Problem – Your answer should be every line below that includes the word "Beautiful".

Task inputs –
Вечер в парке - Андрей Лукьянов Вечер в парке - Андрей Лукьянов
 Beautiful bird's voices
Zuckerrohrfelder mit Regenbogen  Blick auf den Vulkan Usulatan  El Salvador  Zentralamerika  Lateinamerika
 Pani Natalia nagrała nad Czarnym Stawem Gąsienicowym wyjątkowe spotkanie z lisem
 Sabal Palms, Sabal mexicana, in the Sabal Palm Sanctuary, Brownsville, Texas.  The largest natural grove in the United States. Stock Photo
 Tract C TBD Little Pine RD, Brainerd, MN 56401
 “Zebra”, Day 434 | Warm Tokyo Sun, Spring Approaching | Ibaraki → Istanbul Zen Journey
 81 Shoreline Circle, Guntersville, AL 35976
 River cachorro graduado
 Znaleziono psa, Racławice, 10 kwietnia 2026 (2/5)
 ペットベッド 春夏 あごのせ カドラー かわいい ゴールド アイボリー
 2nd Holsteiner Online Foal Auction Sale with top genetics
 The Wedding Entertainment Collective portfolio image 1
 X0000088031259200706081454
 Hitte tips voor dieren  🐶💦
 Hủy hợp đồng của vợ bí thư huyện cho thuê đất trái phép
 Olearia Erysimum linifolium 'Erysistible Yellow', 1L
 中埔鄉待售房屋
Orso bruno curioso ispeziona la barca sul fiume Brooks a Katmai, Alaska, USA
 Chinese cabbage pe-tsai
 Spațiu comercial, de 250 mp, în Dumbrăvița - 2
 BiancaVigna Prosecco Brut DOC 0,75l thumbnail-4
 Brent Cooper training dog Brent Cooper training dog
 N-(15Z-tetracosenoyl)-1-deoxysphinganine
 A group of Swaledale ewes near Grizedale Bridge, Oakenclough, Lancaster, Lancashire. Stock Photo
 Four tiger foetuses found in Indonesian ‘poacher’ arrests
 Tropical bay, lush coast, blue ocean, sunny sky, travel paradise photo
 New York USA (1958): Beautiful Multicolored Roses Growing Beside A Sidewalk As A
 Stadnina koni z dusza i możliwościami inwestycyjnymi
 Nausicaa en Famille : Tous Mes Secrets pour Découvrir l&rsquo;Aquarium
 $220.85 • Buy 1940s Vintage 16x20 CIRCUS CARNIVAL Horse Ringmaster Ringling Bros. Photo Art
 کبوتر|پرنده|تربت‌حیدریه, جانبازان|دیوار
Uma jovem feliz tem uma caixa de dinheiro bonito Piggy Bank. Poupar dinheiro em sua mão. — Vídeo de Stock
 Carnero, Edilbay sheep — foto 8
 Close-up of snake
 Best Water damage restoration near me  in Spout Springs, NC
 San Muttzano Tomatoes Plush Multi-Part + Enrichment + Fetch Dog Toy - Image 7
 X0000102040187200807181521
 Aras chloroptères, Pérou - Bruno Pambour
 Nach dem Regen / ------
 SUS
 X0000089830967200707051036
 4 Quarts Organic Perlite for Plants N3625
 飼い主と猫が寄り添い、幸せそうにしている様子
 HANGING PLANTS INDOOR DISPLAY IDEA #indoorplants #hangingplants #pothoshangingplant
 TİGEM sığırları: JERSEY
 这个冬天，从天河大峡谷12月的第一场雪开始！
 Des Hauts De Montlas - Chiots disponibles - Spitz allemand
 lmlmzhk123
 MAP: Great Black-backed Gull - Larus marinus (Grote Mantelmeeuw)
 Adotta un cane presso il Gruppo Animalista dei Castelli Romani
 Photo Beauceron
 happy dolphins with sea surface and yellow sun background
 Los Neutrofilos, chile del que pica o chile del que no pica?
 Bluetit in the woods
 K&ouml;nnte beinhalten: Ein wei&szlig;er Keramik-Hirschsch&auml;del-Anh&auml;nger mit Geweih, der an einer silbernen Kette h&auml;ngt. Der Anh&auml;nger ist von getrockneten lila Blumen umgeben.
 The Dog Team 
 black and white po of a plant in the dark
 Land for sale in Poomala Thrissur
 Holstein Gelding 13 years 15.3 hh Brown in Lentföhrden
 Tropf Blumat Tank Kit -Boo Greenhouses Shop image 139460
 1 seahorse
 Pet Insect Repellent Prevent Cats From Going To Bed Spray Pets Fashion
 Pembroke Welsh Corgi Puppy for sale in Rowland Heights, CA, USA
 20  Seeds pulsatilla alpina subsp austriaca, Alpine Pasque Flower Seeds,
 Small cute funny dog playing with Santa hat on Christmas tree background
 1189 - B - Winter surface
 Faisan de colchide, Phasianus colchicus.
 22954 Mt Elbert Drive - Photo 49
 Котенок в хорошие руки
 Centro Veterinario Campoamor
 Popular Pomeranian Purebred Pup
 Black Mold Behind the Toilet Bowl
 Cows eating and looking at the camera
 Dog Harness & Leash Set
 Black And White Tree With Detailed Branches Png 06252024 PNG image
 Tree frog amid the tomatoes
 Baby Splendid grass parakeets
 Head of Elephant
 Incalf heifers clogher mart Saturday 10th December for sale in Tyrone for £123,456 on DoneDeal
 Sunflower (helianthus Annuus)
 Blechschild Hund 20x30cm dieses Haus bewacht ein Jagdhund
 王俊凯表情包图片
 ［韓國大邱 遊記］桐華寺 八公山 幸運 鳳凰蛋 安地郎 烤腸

Answer box –
 Beautiful bird's voices
 New York USA (1958): Beautiful Multicolored Roses Growing Beside A Sidewalk As A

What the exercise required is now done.